Search code examples
google-bigquerygdelt

How to get TONE from GDELT GKG table from Google BigQuery?


SELECT
DATE,
EXTRACT(YEAR FROM DATE) AS year,
FIPS as Country,
LOCATIONS,
AVG(TONE) as Avg_Tone,
AVG(Positive Score) as PositiveS,
AVG(Negative Score) as NegativeS,
COUNT(*),
From `gdelt-bq.gdeltv2.gkg_partitioned`,
`gdelt-bq.extra.sourcesbycountry` country,

Where
DATE(_PARTITIONTIME) BETWEEN TIMESTAMP('2002-01-01') AND TIMESTAMP('2020-12-31')
AND SourceCommonName=country.Domain
AND Location like '%CH%'
GROUP BY Year,Country
ORDER BY  Year,Country

Codebook link is http://data.gdeltproject.org/documentation/GDELT-Global_Knowledge_Graph_Codebook-V2.1.pdf The V1.5TONE has TONE, Positive Score and Negative Score and so on. I want to count the average Tone by year. How to get it from Big Query.


Solution

  • There is the need to cast and split the fields first.

    • The date is a value formated as "yyyymmdd....". Therefore, I suggest casting the value as a string and consider the first four characters as the year.

    • There is no V1.5TONE column, but V2Tone. It consists of a string with several digital numbers seperated by a comma. The string has to be split first. Then each component needs to be casted a decimal number.

    • The table gdelt-bq.extra.sourcesbycountry should map an url to a single country. It has duplicated countries to one url! To eliminate at least some duplicated value the inner select with the group by is used.

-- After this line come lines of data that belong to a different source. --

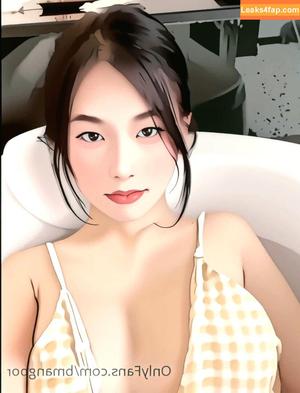 babymangpor photo #1520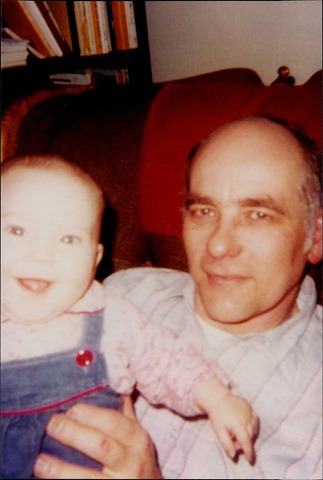 [Andrea with Gramps 3 months old[3].jpg]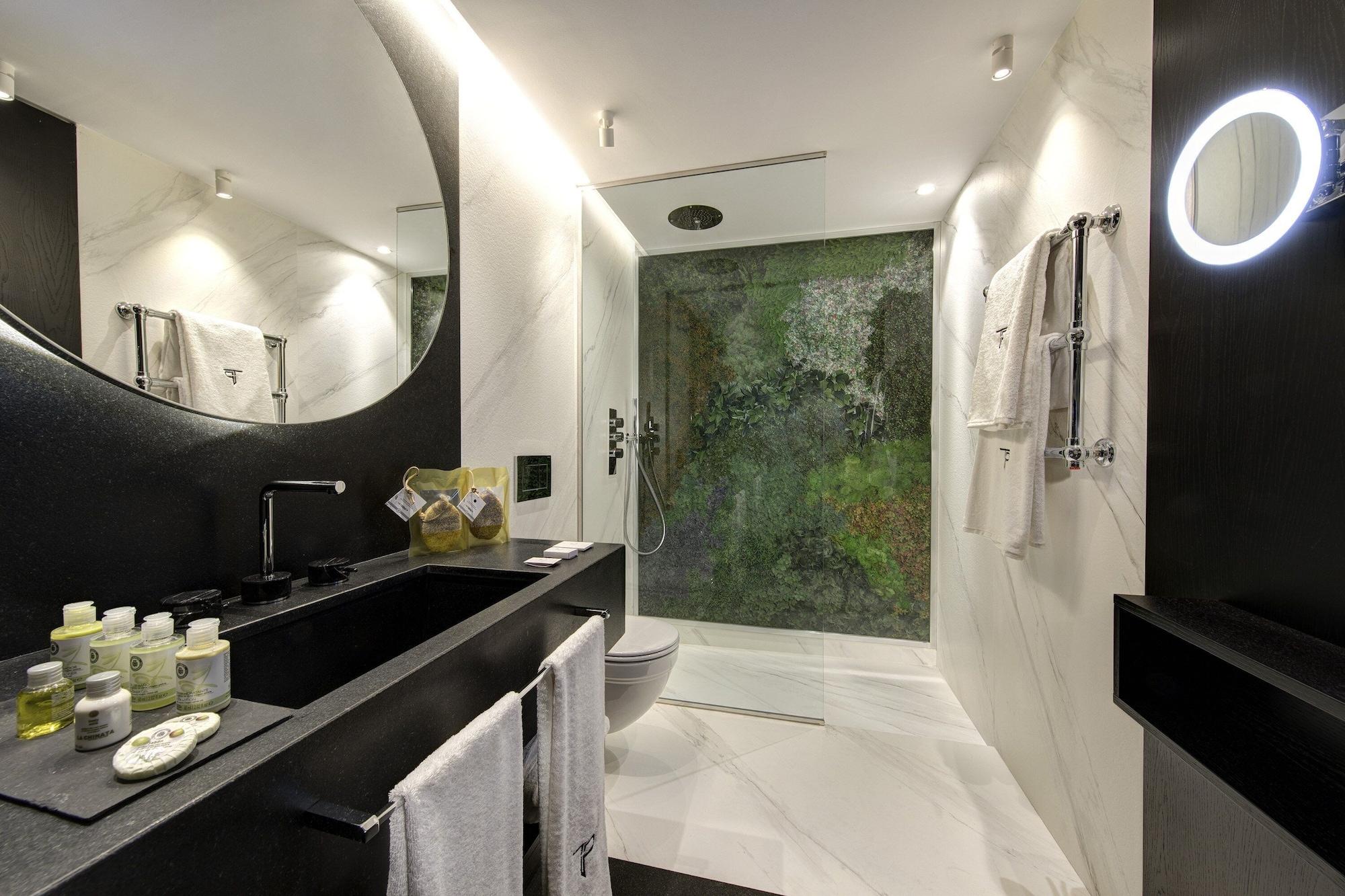 Casa Almagro By The Pavilions Hotels & Resorts Madrid Exterior foto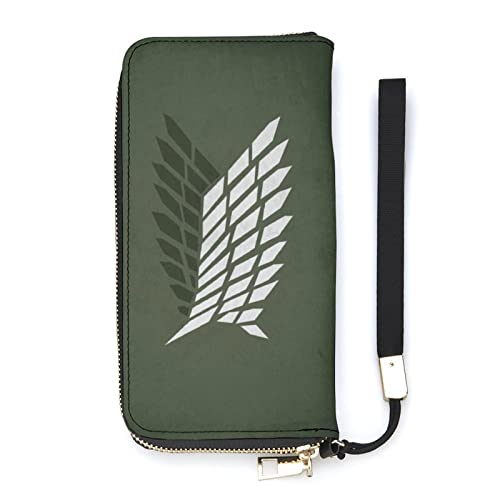 i̋l z Y{vz eʃEht@Xi[rWlXz}l[Nbv ꃌfB[XU[Kꑽ@\J[h[EHbgB20cmx10.5cmx2.5cm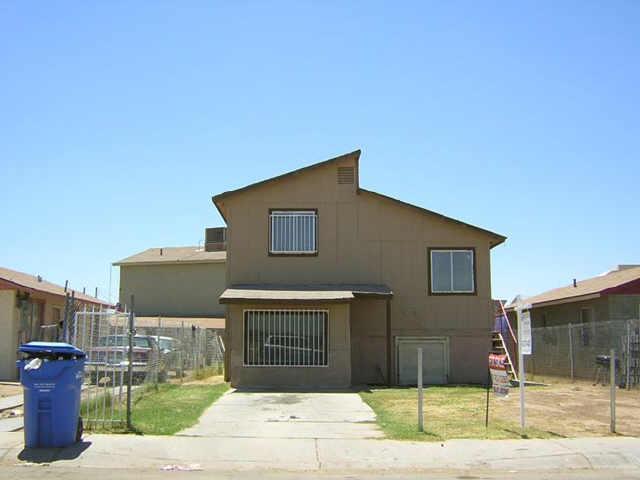 4856 S 11th St., Phoenix, AZ 85040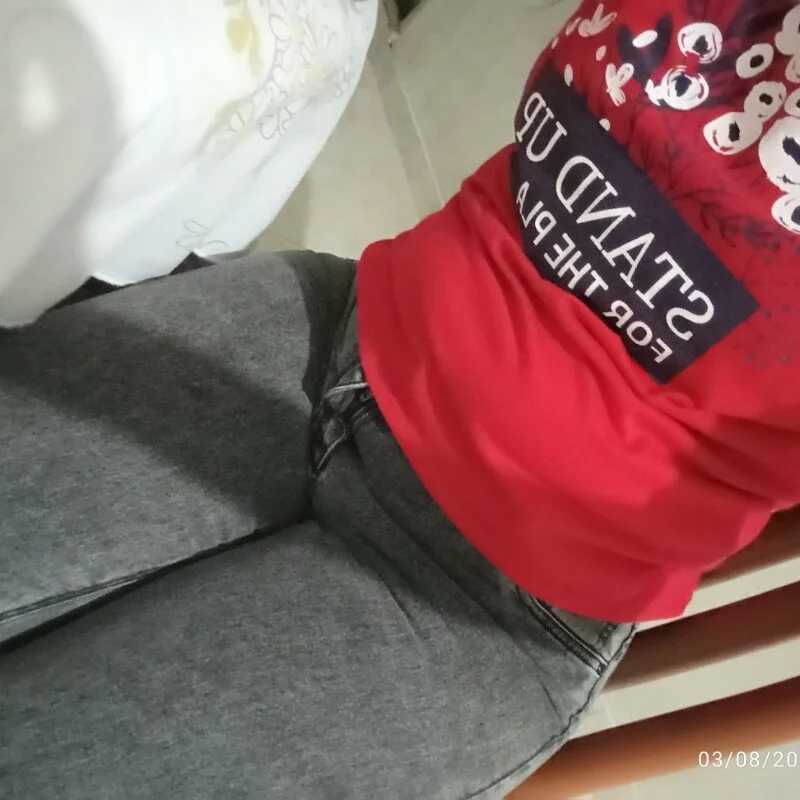 Hot_bella28 — FansOnlyX creator profile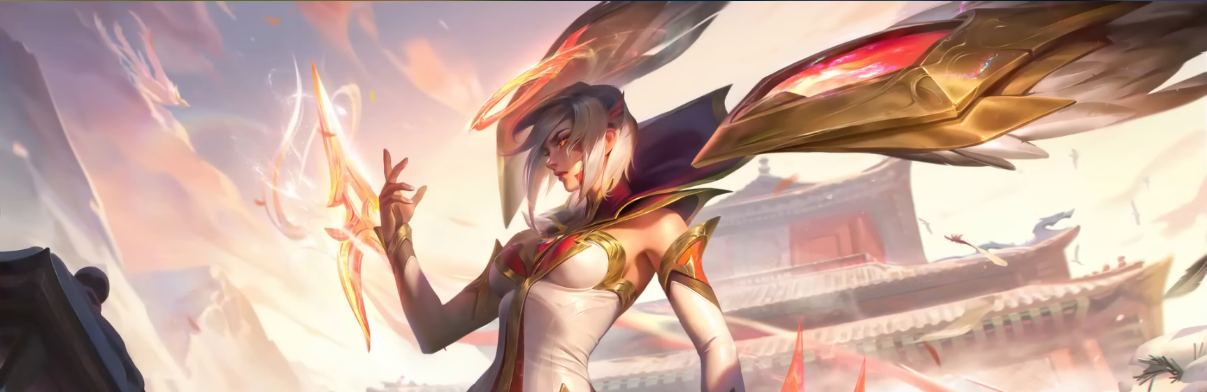 LoL: Leaker vaza quais serão as skins de Uzi; Confira Screenshot 377.png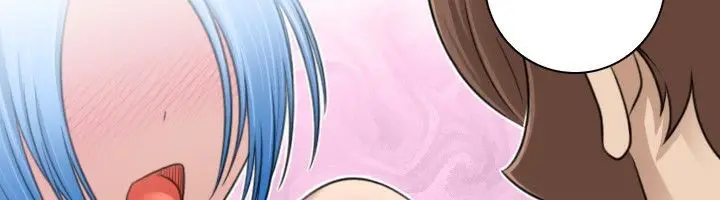 漫画《性感的高手们》第31话第69张图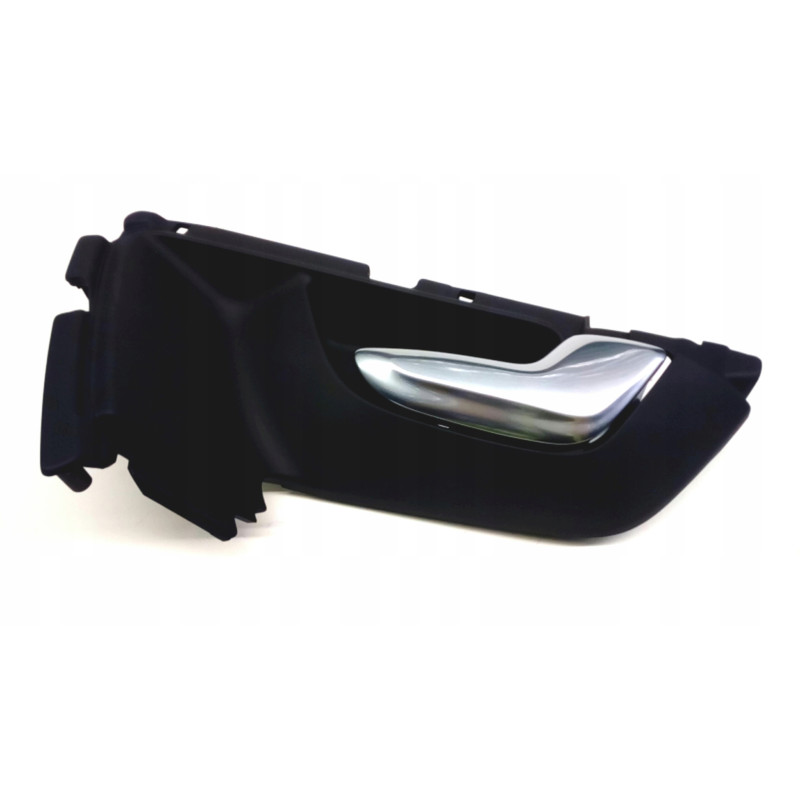 VOLVO S60 V60 XC60 klamka...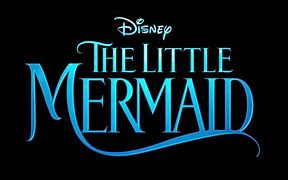 Image result for Little Mermaid CGI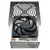 Cumpara Sursă Alimentare PC Cougar Power Atlas 750, 750W, ATX, Nemodular in Moldova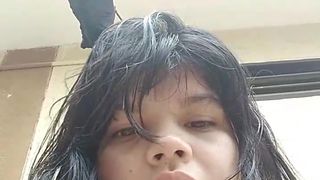 Natashasex4 webcam show 2020-03-31_20-58-39_514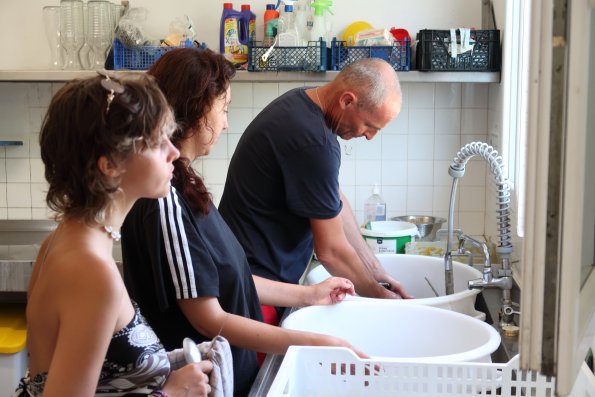 IMG_4895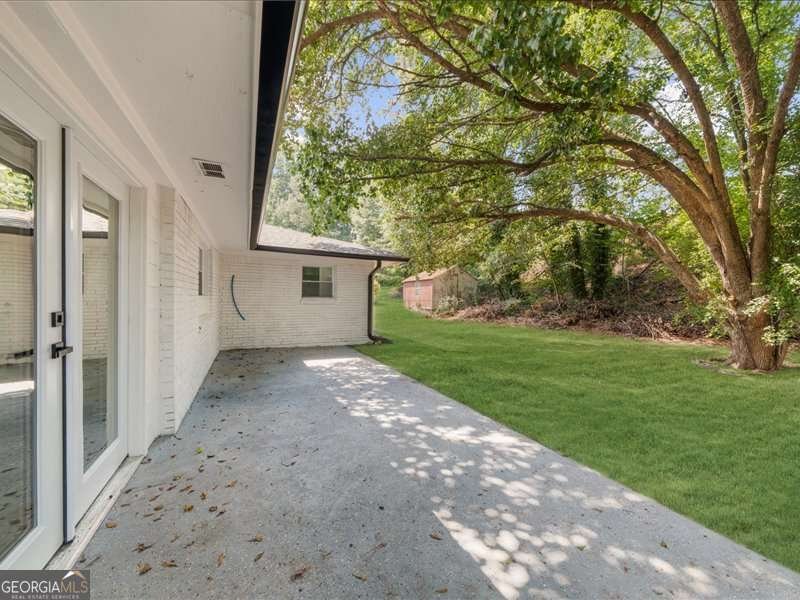 2719 Kings Park Circle Decatur - 54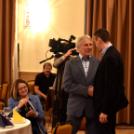 Körünkben - Sárik Péter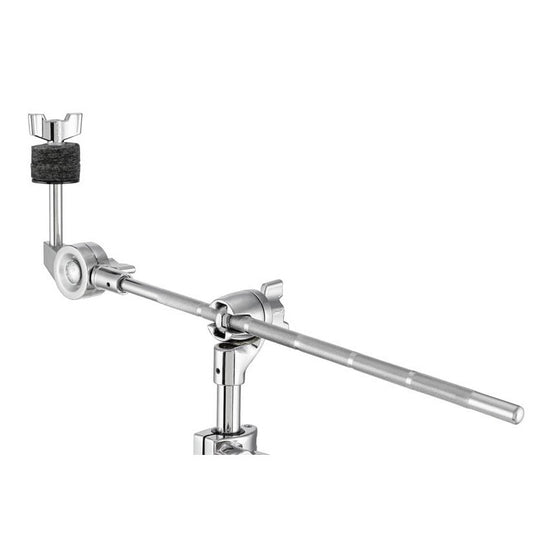 Gibraltar 4709 4000 Series Light Weight Boom Cymbal Stand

    • To obtain the values grouped by Year,Country all other dimensional columns need to be commented out.

    SELECT
    #DATE,
    substr(cast(date as string),0,4) AS year,
    FIPS as Country,
    #LOCATIONS,
    AVG(cast(split(V2Tone,",")[safe_offset(0)] as decimal )) as Avg_Tone,
    AVG(cast(split(V2Tone,",")[safe_offset(1)] as decimal )) as PositiveS,
    AVG(cast(split(V2Tone,",")[safe_offset(2)] as decimal )) as NegativeS,
    COUNT(*) as counts,
    From `gdelt-bq.gdeltv2.gkg_partitioned`
    left join
    (SELECT Domain, FIPS 
    from `gdelt-bq.extra.sourcesbycountry`
    group by 1,2) country
    on  SourceCommonName=country.Domain
    
    Where
    DATE(_PARTITIONTIME) BETWEEN DATE('2020-01-01') AND DATE('2020-01-31')
    AND Locations like '%CH%'
    GROUP BY Year,Country
    ORDER BY  Year,Country
    

    Also in where segment: Do not mix DATE and TIMESTAMP.